I’ve written before about how silly loyalty ladders are. I’ve been asked, aren’t they harmless, just showing the heterogeneity within any brand’s customer base or market (from non buyers to highly loyals)?
Here is what is wrong with loyalty (conversion) ladders:
The ratios of non-buyers, to light buyers, to medium, to heavy, are perfectly predictable (by the NBD-Dirichlet). So they are set. If a brand gains in share/sales, the ratios all move in a predictable way.
All loyalty ladders do is show these ratios – but they imply that you can change the ratios through particular strategies. This is wrong, they will only change if you increase or decrease in market share.
- Loyalty ladders imply that you should target particular levels of the ladder. This is wrong.
- Loyalty ladders imply that some brands are stronger or weaker – when really they are reporting brand size.

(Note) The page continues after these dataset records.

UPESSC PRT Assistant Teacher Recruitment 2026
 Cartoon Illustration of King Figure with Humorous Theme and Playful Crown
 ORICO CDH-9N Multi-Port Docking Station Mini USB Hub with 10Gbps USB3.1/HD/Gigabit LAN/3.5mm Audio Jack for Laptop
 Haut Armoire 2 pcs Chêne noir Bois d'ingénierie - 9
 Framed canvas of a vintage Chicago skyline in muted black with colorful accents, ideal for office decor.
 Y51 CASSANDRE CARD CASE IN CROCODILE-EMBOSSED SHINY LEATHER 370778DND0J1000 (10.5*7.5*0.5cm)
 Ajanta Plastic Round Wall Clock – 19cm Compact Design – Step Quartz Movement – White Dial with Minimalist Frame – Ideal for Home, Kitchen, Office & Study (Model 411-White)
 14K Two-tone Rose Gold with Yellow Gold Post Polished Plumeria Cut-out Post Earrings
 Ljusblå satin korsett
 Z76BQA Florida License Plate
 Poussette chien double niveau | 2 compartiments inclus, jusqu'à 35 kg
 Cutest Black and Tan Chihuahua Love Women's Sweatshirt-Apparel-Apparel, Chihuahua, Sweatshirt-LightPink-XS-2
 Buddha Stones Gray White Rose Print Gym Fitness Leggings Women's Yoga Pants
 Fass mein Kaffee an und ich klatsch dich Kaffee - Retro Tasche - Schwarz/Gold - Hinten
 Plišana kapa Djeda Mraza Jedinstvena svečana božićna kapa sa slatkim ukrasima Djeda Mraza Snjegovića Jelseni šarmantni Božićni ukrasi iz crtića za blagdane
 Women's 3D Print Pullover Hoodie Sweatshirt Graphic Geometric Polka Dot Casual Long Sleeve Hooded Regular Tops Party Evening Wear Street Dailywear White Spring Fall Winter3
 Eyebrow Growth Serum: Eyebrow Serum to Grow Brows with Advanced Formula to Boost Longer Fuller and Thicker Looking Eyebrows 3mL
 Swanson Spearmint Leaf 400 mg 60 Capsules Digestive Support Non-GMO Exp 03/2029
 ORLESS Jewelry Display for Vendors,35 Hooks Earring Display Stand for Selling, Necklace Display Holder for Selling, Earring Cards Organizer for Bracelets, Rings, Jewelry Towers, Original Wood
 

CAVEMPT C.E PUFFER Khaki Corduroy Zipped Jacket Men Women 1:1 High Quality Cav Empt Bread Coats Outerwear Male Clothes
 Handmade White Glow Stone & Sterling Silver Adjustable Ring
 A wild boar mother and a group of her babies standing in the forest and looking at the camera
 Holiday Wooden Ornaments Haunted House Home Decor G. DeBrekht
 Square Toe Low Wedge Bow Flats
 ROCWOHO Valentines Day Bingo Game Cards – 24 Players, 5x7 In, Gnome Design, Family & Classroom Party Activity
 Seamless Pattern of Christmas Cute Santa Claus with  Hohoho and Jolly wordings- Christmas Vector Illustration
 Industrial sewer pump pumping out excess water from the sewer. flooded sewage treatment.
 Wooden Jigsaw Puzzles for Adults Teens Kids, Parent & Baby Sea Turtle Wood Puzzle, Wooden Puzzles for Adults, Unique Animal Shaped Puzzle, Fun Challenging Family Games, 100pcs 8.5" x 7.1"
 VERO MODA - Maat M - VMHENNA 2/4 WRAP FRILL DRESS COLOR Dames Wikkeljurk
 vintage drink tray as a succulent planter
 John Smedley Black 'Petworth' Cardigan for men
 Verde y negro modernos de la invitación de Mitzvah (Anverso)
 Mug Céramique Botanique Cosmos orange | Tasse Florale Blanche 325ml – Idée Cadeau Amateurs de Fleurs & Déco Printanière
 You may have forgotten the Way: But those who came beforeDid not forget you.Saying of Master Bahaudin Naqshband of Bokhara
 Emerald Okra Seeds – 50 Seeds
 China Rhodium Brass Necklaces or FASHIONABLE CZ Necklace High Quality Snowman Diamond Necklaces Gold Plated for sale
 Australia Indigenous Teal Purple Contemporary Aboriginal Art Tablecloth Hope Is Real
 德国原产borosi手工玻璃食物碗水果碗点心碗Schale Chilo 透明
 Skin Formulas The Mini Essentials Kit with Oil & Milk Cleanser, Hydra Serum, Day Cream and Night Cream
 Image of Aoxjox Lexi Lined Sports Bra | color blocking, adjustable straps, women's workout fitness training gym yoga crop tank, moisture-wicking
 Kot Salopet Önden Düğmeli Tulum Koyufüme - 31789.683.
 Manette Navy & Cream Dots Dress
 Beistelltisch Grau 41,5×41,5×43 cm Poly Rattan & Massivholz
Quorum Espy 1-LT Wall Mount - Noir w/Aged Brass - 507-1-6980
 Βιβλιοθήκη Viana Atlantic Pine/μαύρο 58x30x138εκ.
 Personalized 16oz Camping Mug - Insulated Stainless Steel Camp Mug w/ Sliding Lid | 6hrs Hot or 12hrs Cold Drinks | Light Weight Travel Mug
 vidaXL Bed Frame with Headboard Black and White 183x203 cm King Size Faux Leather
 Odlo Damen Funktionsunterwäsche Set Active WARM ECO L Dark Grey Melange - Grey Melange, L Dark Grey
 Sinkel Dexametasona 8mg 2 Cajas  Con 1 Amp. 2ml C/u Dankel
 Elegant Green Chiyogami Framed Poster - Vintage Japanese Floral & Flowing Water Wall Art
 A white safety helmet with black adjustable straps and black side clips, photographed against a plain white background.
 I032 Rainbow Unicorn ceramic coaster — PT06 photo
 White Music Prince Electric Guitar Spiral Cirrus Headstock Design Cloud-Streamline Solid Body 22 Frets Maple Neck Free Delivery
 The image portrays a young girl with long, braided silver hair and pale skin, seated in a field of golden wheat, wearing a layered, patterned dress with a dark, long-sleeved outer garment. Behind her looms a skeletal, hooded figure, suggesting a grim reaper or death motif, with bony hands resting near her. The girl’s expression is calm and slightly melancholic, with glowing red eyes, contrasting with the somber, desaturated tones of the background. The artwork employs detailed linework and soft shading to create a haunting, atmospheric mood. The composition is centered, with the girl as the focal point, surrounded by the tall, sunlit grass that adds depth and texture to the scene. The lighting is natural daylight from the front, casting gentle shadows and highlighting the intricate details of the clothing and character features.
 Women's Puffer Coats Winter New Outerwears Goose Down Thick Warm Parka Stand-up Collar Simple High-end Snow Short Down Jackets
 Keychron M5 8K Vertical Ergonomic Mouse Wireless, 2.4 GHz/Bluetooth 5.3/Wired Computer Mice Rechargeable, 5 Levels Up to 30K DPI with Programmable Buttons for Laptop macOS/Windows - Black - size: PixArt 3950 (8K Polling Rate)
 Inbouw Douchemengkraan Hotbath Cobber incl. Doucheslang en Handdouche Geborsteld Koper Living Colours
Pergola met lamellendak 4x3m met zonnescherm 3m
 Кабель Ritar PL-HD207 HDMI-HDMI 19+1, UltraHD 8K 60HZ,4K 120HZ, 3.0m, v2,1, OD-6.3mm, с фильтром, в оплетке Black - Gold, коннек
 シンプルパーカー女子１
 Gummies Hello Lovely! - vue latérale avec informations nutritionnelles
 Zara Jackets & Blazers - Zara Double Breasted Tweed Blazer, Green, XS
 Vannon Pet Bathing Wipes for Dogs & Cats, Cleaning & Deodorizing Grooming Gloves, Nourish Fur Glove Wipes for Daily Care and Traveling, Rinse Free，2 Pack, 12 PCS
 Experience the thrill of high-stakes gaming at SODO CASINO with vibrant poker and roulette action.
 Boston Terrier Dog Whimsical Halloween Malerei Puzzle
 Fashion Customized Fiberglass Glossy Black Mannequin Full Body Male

- Loyalty ladders are a waste of money spent on market research and reporting. Most of the tiny changes and differences they report are sampling (and other) error.
- Loyalty ladders imply that awareness is a “once off battle”, that once someone is aware they always notice, recognise, recall your brand – this is nonsense.
- Loyalty ladders imply that 100% loyals are a brand’s most valuable customers, whereas far more volume comes from heavy category buyers who buy a number of brands.
- AND REALLY IMPORTANTLY… Loyalty ladders distract marketers from the real issue which is how to grow penetration (reach all sorts of category buyers).